When the DC Universe rebooted itself last year in an effort to boost sales, the Bat-titles started over with new first issues. What they didn’t do, though, was actually start over. A few details about Batman’s past might have changed to fit in with the rest of the comics universe he was sharing, but all the old recognizable villains still hung out in Arkham Asylum and had been struggling against the Dark Knight for years.
To celebrate a new continuity, however, Batman writer Scott Snyder introduced a new set of menaces to say, “hey, this is the 21st Century! Rules have changed.” But as any Bat-fan knows, no matter what’s going on, you have to let the Joker play. Snyder got the ball rolling a year ago by having new villain The Dollmaker abduct the Joker and — no, you are going to read this correctly — cutting off his face.
The Clown Prince of Crime then disappeared for a year, leaving his face in evidence at the Gotham City Police Department. And this week, he showed up to take it back.
It’s been a grim year for Batman, struggling against malevolent forces for the soul of his city. And the Joker has decided that his arch-enemy has lost his way in the struggle. Batman needs to be tested, to be strengthened, and, just like the Joker’s face, have his weakness cut away.
What are those weaknesses? Batgirl, Robin, Nightwing and many others that might even include Ace the Bat-Hound. So starting with this week’s Batman #13, the Joker steps out of the shadows, threatening Batman in an epic that will cross over into all the titles that can be associated with Batman called “Death of the Family.”

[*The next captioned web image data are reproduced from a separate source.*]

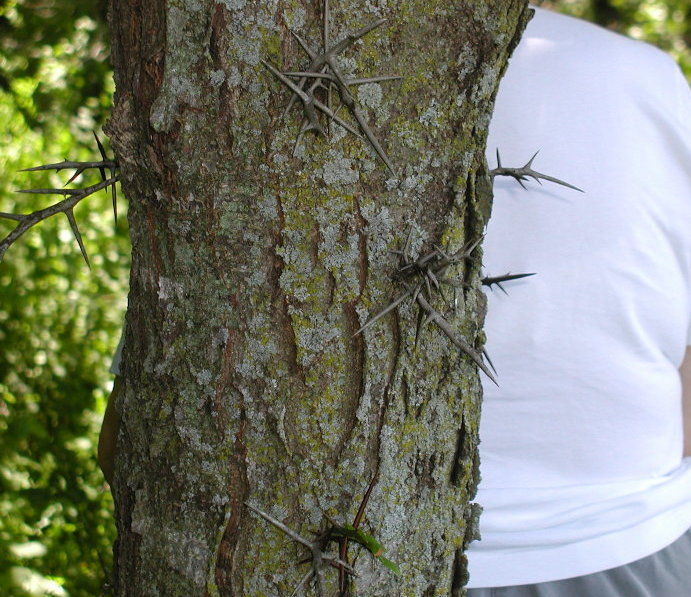 Fabaceae Gleditsia triacanthos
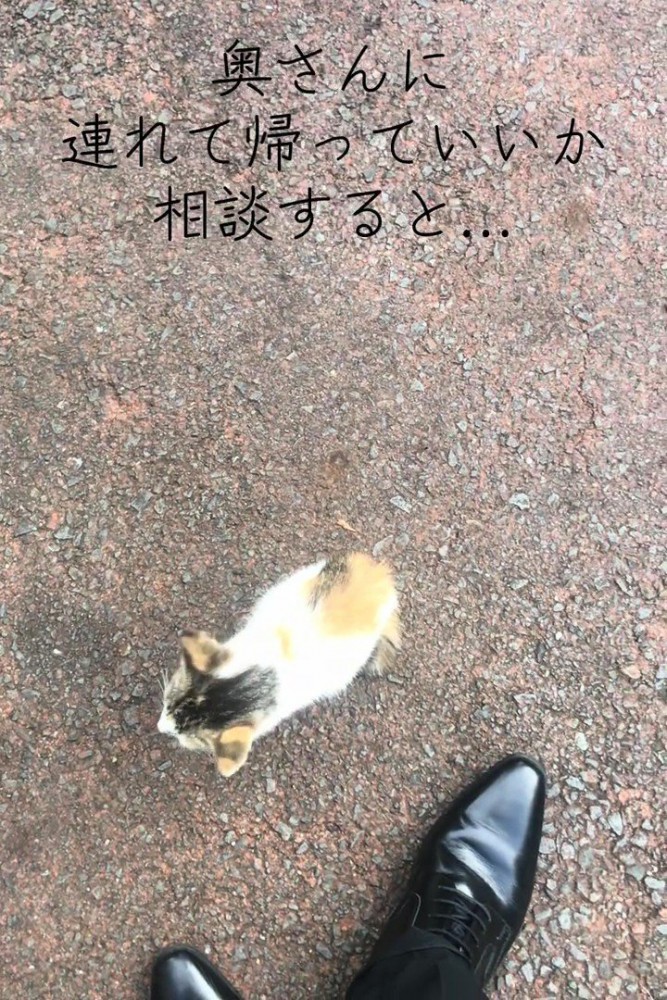 人の足元にいる猫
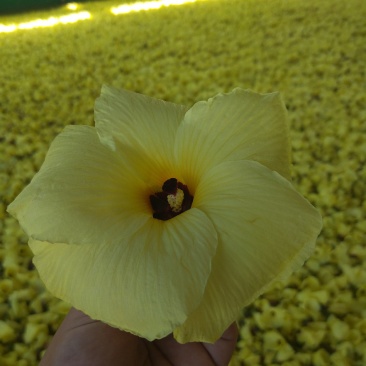 黄蜀葵花，自家种植加工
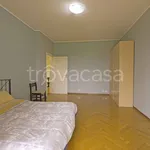 Rent 3 bedroom apartment of 70 m² in Biella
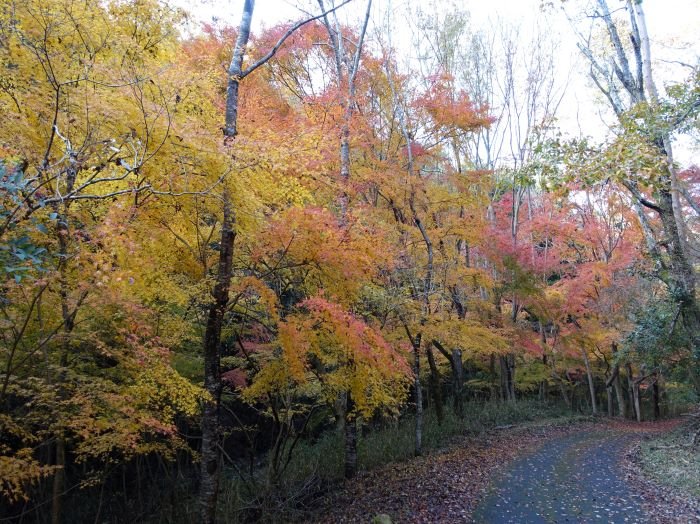 🏞️ 야마시로정 삼림공원 (야마시로초 신린코엔) 이미지 7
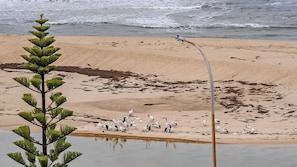 A beach with a large tree in the foreground and a group of birds on the sand. - Azure 25 - Wake up to the Ocean (The Entrance)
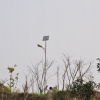 从化新农村改建太阳能路灯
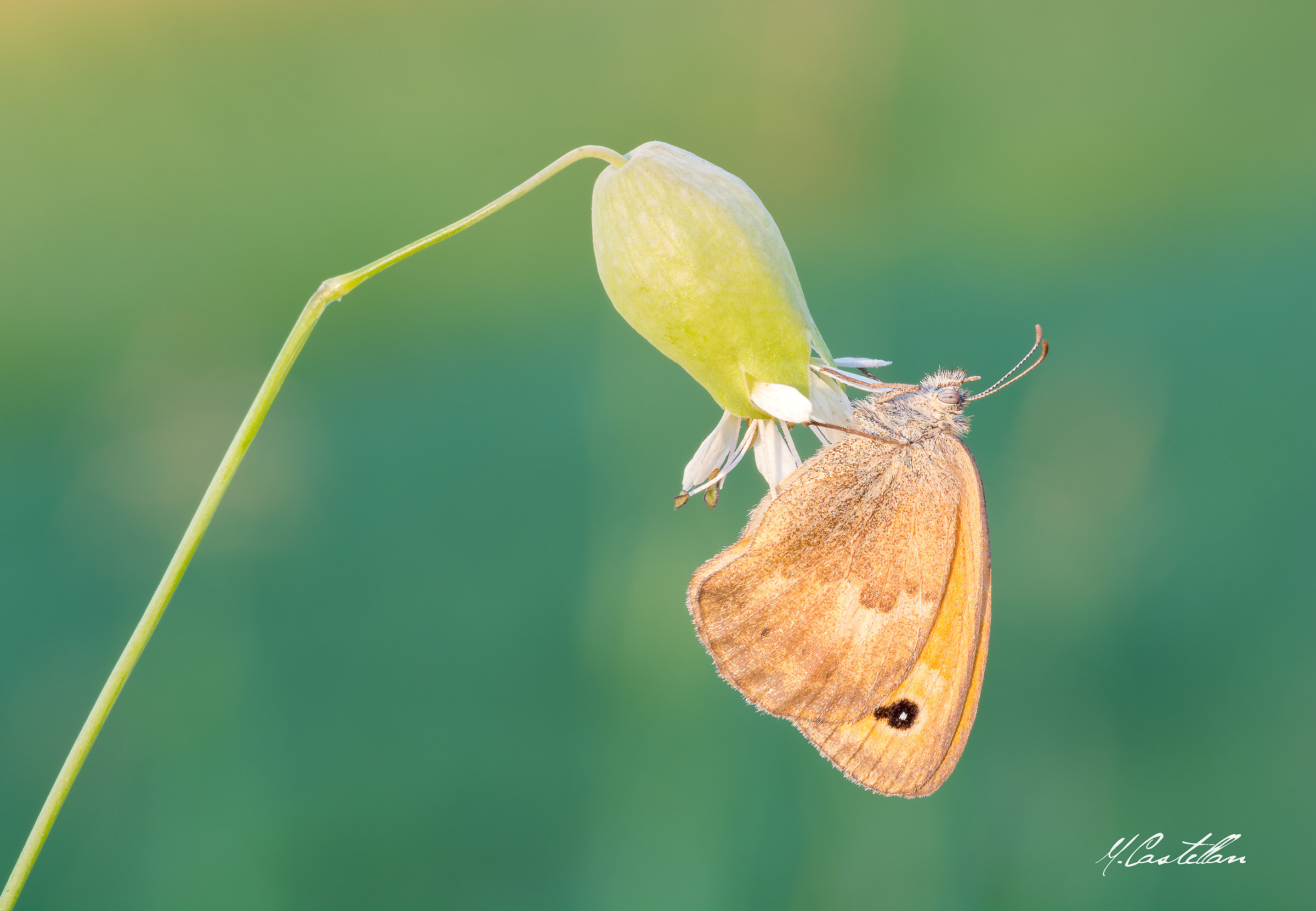 Coenonympha Pamphilus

Snyder is laying out a storyline that reclaims all the high points of his past with the Joker. The title refers to the 1980’s classic “A Death in the Family,” in which the second Robin, Jason Todd, tried to take on the Joker by himself. Thanks to a controversial phone-in poll in the real world, Jason Todd paid for that with his life. (Though he got better.)
There are nods to the past, but it’s Snyder’s present vision of the Joker that is absolutely chilling. Not to spoil anything, but his taunting of both Commissioner Gordon and his own “girlfriend” Harley Quinn reveal a Joker that is not for the kiddies, but makes absolute sense in our modern world. The real world has upped the game for the Harlequin of Hate.
If you are interested in checking this out, start with Batman #13, which can be purchased with our without a bonus cardboard mask of the Joker. Also on the stands this week is Batgirl #13, which is listed as a “prologue” to “Death of the Family.” While a strong book in its own right, only three panels tie in to the larger storyline. If you’re not already reading it, you can skip it.
But do not skip this revision of the Joker.